The dose homogeneity and conformity aimed for the target volumes were:
a. dose homogeneity of -5% to +7%.
b. At least 95% of the target volume should receive 95% of the prescribed dose.
c. No more than 5% of the target volume should receive doses above 105% of the prescribed dose.
The actual dose constraints and penalty factors in the final accepted plans from the first two NPC cases were used as starting input parameters for optimization of IMRT and IMPT plans in the subsequent cases. These parameters had to be modified again in a trial-and-error fashion in locoregionally advanced cases in order to comply with the planning goals for the target volumes and/or the tolerance threshold of the critical OARs. In these cases, "optimization only" volumes were also added in order to achieve sharp dose gradients at the edge of the target volumes or to reduce the dose in critical neural tissues such as temporal lobes. In those cases where GTV-T or PTV-TN was extended into a critical neural structure, the latter organ was given a higher overlapping priority than the target. With this approach insufficient dose to some parts of the high dose target volumes (GTV-T and PTV-TN) had to be accepted.

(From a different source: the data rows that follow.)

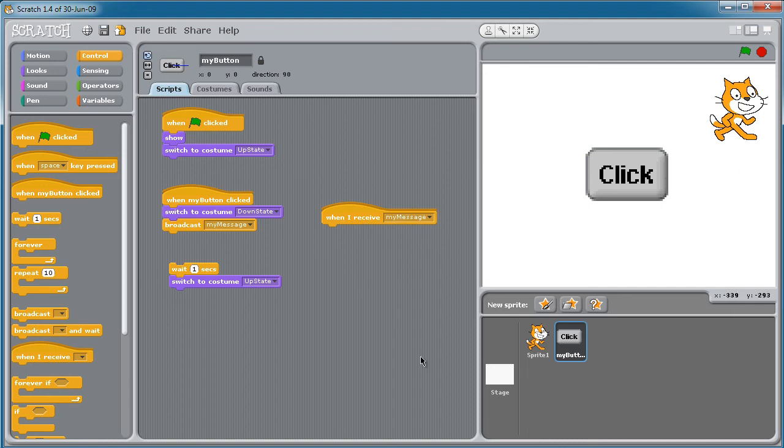So there you have it, friends. Those are the basic mechanics of using multi-state buttons in Scratch projects. I hope that you found this informative, and I'd like to thank you for viewing.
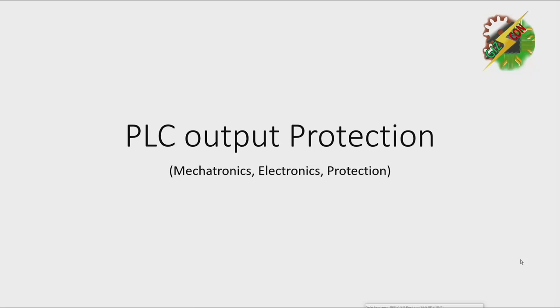Hello again, this is Andrew and now I'm going to share some of my experience about PLC output protection here in automation industry.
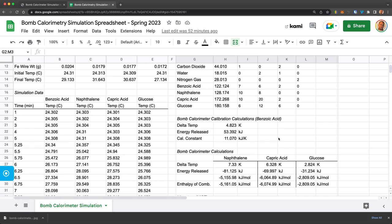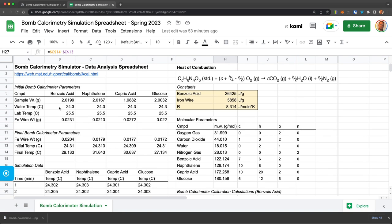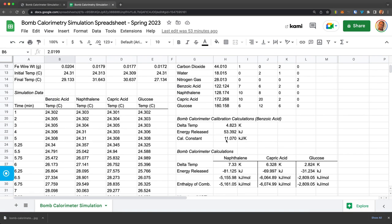And then to be precise here, I went ahead and calculated the change in temperature. So I used benzoic acid to give me, to calculate the calorimeter constant.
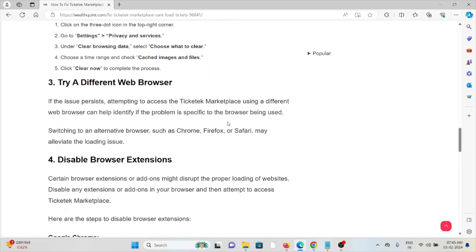The third method: if the issue persists, try a different browser. Attempting to access the Ticketek Marketplace using a different web browser can help identify if the problem is specific to the browser being used. Switching to an alternative browser such as Chrome, Firefox, or Safari may alleviate the loading issue.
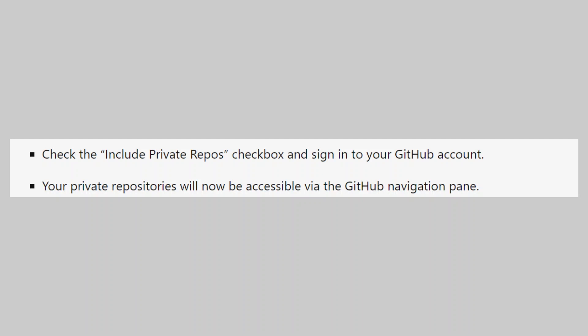Your private repositories will now be accessible via the GitHub navigation pane.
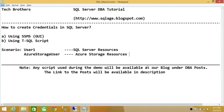Welcome to Tech Brothers. In this video, we're going to learn how to create credentials in SQL Server. We'll be using two ways to do it: using SQL Server Management Studio Graphic User Interface and using T-SQL Script. And before we go ahead and do that, I wanted to make sure that you understand the importance of credentials and what credentials are in SQL Server.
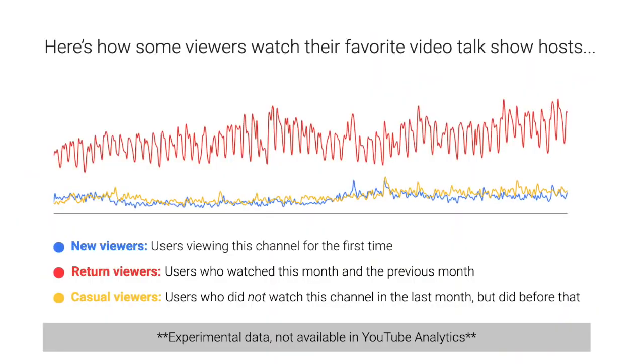I wanted to share some examples, because different types of channels are going to have different types of audiences depending on the content they make and their content strategy. The data I'm about to share is experimental — it's not available in YouTube Analytics yet. Let's start with an example of channels that have a really loyal audience. You're going to see three different lines: in blue, new viewers discovering these channels for the very first time; in red, return viewers who watched last month and the current month; and in yellow, a negative value — viewers that watched last month but didn't return.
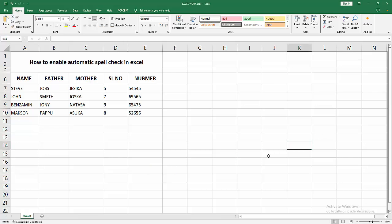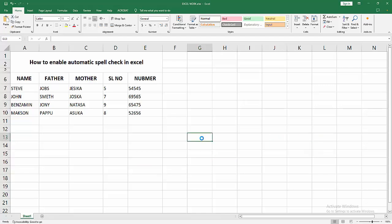Assalamualaikum, hello friends, how are you? Welcome back to my channel. In this video, I'm going to show you how to enable automatic spell check in Microsoft Excel. Let's get started. First, you have to open your Excel workbook. We can see here there is data. Now I'm going to write some text here.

The IMRT and IMPT plans were compared using a set of parameters derived from DVHs and dose-volume statistics. Besides Dmean, we used D1 and D99, which were defined as the dose received by 1% and 99% of the target volume, respectively. V95 and V105 denoted the volumes of the target that were covered with ≥ 95% and ≥ 105% of the prescribed dose, respectively. The conformity index (CI) was defined as the ratio between the V95 of the body and the V95 of the target. The inhomogeneity coefficient (IC) was defined as (Dmax - Dmin)/Dmin. For PTV-TN and PTV-N, all parameters were calculated for inclusive volumes of the targets due to the limitations of the VIRTUOS planning system in calculating exclusive volumes. The term "inclusive volume" means that the volumes of GTV-T and PTV-TN were included in the PTV-TN and PTV-N, respectively, when calculating and extracting the dose-volume data for the latter targets. Ideally, when a target encloses another one, dose-volume data for the first target should be presented by excluding the dose contributions from the enclosed target when this receives a dose other than the enclosing target.
For comparison of OARs, we used Dmax and Dmean for organs with mainly parallel structures and Dmax for those with mainly serial structures. Dmax for OARs was defined as the absolute maximal dose in a single voxel.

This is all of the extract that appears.